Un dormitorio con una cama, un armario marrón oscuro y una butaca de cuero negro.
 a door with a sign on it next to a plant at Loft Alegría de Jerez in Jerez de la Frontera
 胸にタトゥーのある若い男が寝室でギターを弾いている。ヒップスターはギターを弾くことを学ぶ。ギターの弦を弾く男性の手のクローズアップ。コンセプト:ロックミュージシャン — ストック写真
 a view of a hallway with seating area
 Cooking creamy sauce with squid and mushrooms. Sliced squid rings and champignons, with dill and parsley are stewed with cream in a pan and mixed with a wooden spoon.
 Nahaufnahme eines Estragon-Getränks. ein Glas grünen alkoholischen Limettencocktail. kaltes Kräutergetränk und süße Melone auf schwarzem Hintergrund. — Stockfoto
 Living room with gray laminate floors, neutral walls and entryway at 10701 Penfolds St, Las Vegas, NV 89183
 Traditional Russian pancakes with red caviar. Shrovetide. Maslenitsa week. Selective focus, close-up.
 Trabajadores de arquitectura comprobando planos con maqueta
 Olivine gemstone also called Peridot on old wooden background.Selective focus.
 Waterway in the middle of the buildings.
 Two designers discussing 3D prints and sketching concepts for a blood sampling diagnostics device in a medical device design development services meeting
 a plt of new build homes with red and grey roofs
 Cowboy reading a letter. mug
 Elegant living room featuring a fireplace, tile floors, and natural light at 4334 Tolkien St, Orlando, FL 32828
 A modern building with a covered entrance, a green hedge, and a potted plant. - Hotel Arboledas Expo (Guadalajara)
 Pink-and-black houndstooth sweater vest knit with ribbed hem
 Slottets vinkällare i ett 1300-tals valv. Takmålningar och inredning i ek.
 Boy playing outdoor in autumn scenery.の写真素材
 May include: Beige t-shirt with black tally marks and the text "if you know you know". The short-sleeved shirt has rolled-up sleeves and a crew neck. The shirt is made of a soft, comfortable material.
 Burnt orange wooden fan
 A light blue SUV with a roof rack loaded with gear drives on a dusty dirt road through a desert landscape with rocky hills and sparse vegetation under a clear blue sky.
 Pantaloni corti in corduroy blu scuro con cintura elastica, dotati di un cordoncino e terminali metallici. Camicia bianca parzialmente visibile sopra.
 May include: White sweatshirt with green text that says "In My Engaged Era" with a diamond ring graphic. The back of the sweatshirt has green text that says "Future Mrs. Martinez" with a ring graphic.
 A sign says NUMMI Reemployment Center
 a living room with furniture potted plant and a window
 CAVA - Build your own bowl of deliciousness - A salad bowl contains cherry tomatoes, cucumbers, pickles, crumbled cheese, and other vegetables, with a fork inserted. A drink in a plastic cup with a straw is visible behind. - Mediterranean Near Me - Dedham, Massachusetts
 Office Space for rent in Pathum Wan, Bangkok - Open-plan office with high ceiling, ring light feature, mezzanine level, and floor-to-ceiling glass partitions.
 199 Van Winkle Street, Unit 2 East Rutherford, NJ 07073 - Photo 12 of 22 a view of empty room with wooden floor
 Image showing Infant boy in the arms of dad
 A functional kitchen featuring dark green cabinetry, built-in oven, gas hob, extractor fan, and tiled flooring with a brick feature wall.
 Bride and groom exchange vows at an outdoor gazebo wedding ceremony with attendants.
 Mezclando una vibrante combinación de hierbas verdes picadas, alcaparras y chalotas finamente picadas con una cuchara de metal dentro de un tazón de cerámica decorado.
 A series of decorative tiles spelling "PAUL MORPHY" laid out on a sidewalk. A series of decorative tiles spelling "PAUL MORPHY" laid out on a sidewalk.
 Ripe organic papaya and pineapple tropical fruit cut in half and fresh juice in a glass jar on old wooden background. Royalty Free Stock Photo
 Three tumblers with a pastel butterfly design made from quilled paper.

----

Activity: Show every line in the listing above that carries the word "plant".

Output:
 a door with a sign on it next to a plant at Loft Alegría de Jerez in Jerez de la Frontera
 A modern building with a covered entrance, a green hedge, and a potted plant. - Hotel Arboledas Expo (Guadalajara)
 a living room with furniture potted plant and a window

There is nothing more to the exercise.